The faculty of the Glennan Center enjoy clinical practice in outpatient, nursing facility, and palliative care settings. The Memory Consultation Clinic performs detailed evaluation of patients with cognitive decline through a comprehensive team approach to both the medical and psychosocial needs of the patient and caregivers. Dr. Palmer and his colleagues are expanding the practice and the research program, adding a Geriatrics Consult clinic to provide a comprehensive geriatric assessment for frail seniors, with recommendations given to the patient, family and referring physician.
He is working with Dr. Marissa Galicia-Castillo to expand clinical programs in hospital and long-term care-based palliative medicine: “We’re now providing inpatient palliative care consults in two Sentara hospitals and a Sentara skilled nursing facility. We’re also directing a palliative care and hospice program in collaboration with our partners at Beth Sholom Village and Jewish Family Services.” He’s also a consultant at one of the Sentara hospitals that feature an ACE Unit, and direct Geriatric Medical Services at Sentara Norfolk General Hospital.
His commitment to improving the quality of resident education in geriatrics is evident. “We’re heavily engaged in teaching of all learners at EVMS,” he says, “medical and physician assistant students, residents in internal medicine and family medicine, and fellows training in geriatrics.
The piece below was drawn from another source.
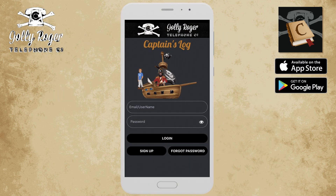Hello, this is Jolly Steve, and welcome to this quick tutorial about how to set up your service using the Captain's Log app on a mobile phone. So if you're a first-time user, you've just signed up, you've got an email or username and your password.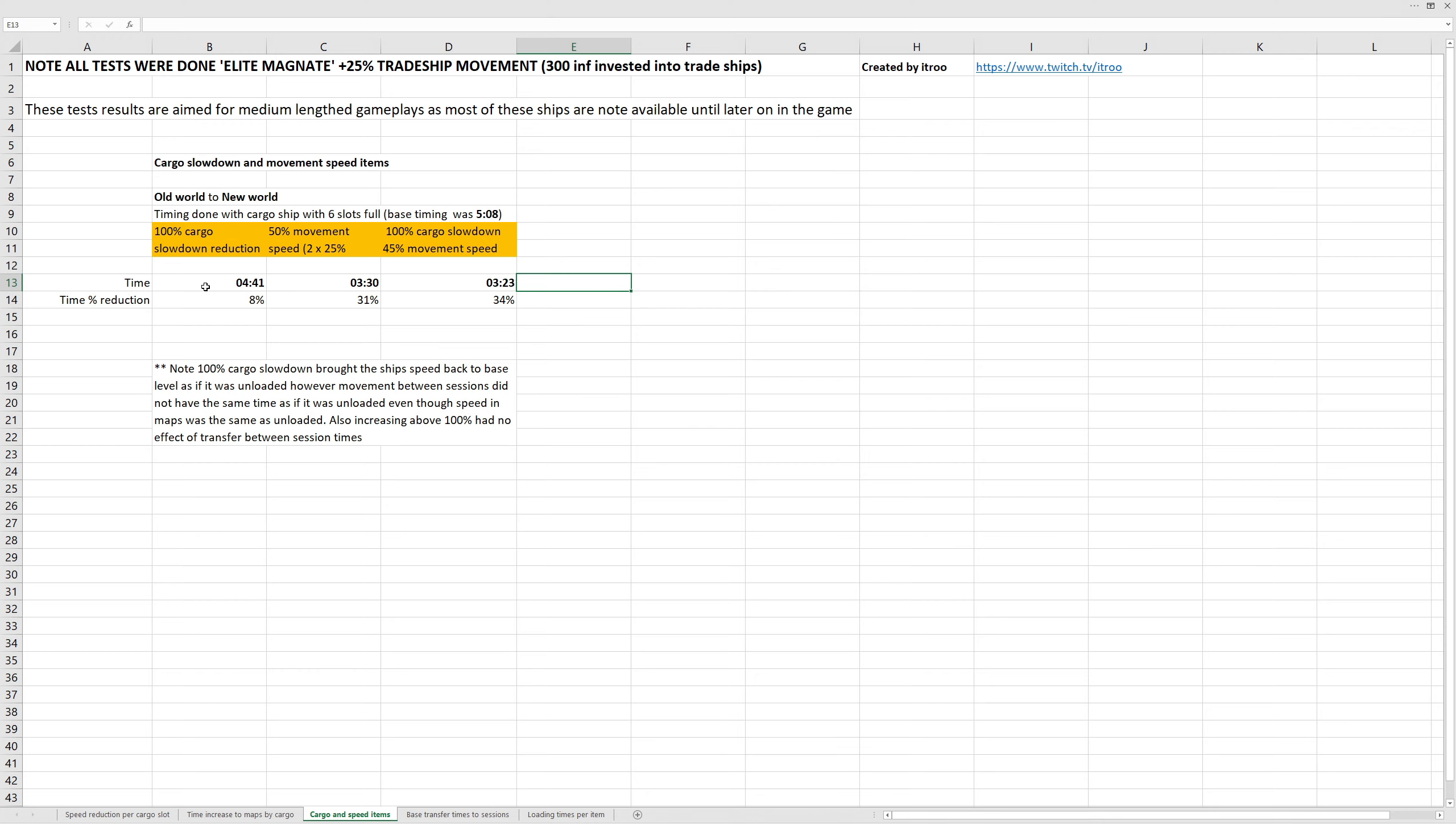The strange thing about this is with the 100% cargo slowdown, it increased the movement speed of the ship back to its default amount. However, it didn't reduce the transfer between game maps to default. It only reduced it by 8%, so that's a bit strange.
This past year we launched a grant to train Chief Residents of nine different departments in the principles of geriatric practice, patient safety and quality improvement.”
Future plans for the Glennan Center include creating innovative, sustainable clinical programs to benefit the seniors in the community, and to expand research in geriatric safety, palliative care and dementia. With its community-based health care partners, the Glennan Center is ready to implement the “Triple Aim”-to improve the patient experience in all sites of care; to improve the health of the elderly population of Hampton Roads; and to reduce the costs of health care.
“The challenge for us now,” he says, “is to more deeply engage the community in advocating for even better care for our seniors.”